The Omega Expedition is, unfortunately, the weakest novel in the series. For me, the disappointments began with the introduction, a brief reprise of the other five novels. Something I liked about this series of self-contained novels is the way that it seems to consist of two trilogies, the second of which apparently goes back and fills in the gaps. It seemed an unusual way to organise a series, but it is definitely interesting and effective. However, it turns out that this was the result of the way that the publisher commissioned the novels, rather than Stableford's initial idea.
This is a small beginning to what to me was a whole series of disappointments. The first section is the story of Adam Zimmerman's life, as retold by historian Mortimer Grey, the central character of The Fountains of Youth. To me, this section seemed sentimentalised and dull, though it's title suggests that it may be aimed by Grey at children. (The phrase "children of humankind" could also refer to the various factions of post-humans, and it is unlikely that small children would have much interest in the philosophy of Heidegger.) It is strange that such a famous author as Grey is supposed to be turns out to be so uninteresting to read, though as it also would be odd if people whose bodies are full of nano-technological computer enhancements still thought in straightforward prose, this could be seen as a problem connected with reducing his words to a linear form. The main central section, the narrative of Madoc Tamlin, is much more interesting to read, and he of course would be more accustomed to writing in this format (though actually describing exciting events must help!).

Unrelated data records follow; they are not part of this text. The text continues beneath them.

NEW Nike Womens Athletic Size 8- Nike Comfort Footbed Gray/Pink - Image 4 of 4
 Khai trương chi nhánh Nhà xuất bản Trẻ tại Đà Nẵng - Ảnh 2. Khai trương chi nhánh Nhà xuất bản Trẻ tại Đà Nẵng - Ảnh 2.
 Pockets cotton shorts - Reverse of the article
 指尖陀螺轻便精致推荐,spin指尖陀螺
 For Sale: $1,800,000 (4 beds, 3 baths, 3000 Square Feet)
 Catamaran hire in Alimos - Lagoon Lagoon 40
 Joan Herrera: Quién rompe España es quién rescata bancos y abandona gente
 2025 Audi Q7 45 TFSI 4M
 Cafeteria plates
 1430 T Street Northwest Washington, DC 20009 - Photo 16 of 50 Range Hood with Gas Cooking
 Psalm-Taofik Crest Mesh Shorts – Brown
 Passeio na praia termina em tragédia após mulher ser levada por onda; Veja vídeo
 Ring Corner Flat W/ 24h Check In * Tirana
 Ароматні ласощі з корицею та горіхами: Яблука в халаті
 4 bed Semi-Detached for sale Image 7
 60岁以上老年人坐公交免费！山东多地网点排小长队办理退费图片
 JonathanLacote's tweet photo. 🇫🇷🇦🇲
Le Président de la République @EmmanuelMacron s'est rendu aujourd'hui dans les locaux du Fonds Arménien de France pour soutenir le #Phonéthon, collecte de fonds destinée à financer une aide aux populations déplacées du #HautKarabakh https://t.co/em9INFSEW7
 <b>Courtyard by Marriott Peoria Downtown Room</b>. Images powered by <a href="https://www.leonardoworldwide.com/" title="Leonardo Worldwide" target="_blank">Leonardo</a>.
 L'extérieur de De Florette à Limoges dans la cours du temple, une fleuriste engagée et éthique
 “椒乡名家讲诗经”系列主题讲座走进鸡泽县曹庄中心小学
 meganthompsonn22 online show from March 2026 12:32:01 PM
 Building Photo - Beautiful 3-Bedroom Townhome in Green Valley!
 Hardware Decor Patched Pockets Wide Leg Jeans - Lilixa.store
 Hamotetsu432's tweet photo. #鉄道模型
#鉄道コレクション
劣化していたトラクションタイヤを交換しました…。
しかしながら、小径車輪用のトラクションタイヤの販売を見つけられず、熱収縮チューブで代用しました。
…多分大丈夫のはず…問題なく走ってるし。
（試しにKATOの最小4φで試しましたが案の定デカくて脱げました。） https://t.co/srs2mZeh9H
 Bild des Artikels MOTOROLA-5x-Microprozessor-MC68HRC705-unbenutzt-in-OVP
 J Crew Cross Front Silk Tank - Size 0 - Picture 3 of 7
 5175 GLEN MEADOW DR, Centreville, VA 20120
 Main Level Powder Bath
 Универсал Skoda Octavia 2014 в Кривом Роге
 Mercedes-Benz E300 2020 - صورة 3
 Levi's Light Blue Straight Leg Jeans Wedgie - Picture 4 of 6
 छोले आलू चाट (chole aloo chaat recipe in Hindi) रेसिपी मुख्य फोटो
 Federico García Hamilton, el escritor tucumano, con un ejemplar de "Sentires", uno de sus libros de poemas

Tamlin's narrative, however, is not without its own problems. As has already been mentioned, Stableford has already used the device of an individual waking up from cryogenic suspension; it is useful to the writer because the narrator would need to have many aspects of the world in which they find themselves explained, making this a natural part of the scenario and removing one of the biggest problems science fiction has as a genre - integrating the explanation of the background with a realistic narrative. This time round, though, the idea is used too clumsily to be convincing. While there are successful science fiction novels which have long sections of lecturing in them (Stapledon's Last and First Men comes to mind), this is not one of them. The action, when it does occur, is only the precursor to further lengthy discussions. Stableford has already in this very series shown he can impart a great deal of information without resorting to such dull exposition, so why does he suddenly start doing it here?
It is always a pity when the quality of a series drops; where the novels form a linked story, this is generally around the middle, and happens because the plot is insufficiently taut. Stableford avoided this by having a series made up of independent novels, but that makes the disappointment of this culminating volume even more acute. The cause? I suspect that he was keen to move on to something new; he just had to get this novel completed first.